The Biyuti and Drama of Civility: A Review of Julius Manapul’s Decolonizing Antiquities
SHORT ESSAY by DR. ROBERT DIAZ
As he reflects on what the terms “biyuti” and “drama” may mean for queer diasporic Filipinos, the critic Martin Manalansan suggests that both can “encapsulate a self-conscious notion of performance that is embedded not only in gendered phenomena but in the exigencies of everyday life, including those of kinship and family, religion, sexual desire, and economic survival. These idioms serve as a means of understanding the world, and, more importantly, assessing proper conduct and action” (15). Enlivening Manalansan’s assessments, Julius Manapul’s newest exhibit, Decolonizing Antiquities, channels the complexities of “biyuti” and “drama” as he critiques the normalizing impulses of cultural civility and inclusionary respectability.

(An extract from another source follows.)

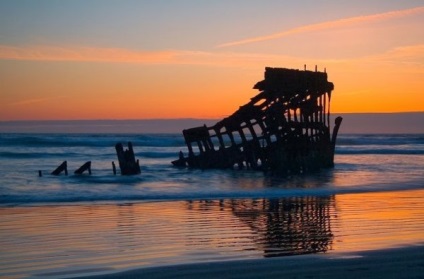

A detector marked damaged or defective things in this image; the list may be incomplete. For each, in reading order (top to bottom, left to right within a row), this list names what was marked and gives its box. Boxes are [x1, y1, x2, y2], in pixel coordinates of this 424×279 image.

The works featured in this exhibit collectively deploy craft, creativity, and play to reflect on colonialism and globalization’s ongoing contradictions. They dramatize the confluences of sexuality, migrancy, and race through Manapul’s meticulous embellishment of everyday objects with vernacular expressions and aesthetic tropes that saturate Filipino diasporic cultures. The objects Manapul refashions are often tied to rituals of conviviality and contact. They range from ornate saucers and plates used during dinners, to dainty tea-sets, to intricate wall sconces, to balikbayan boxes exchanged across time and space (to name a few). By retrofitting these objects with popular Filipino terms and phrases, the artist not only disturbs the organizational and hierarchical logics they represent, he also centers non-normative sexualities and desires through this act of wayward refashioning. He employs queer diasporic vantage points as a means to destabilize the formalistic, and in the context of Canada racist and marginalizing tropes with which the settler-colonial and multi-cultural state flattens complex identities and intimacies.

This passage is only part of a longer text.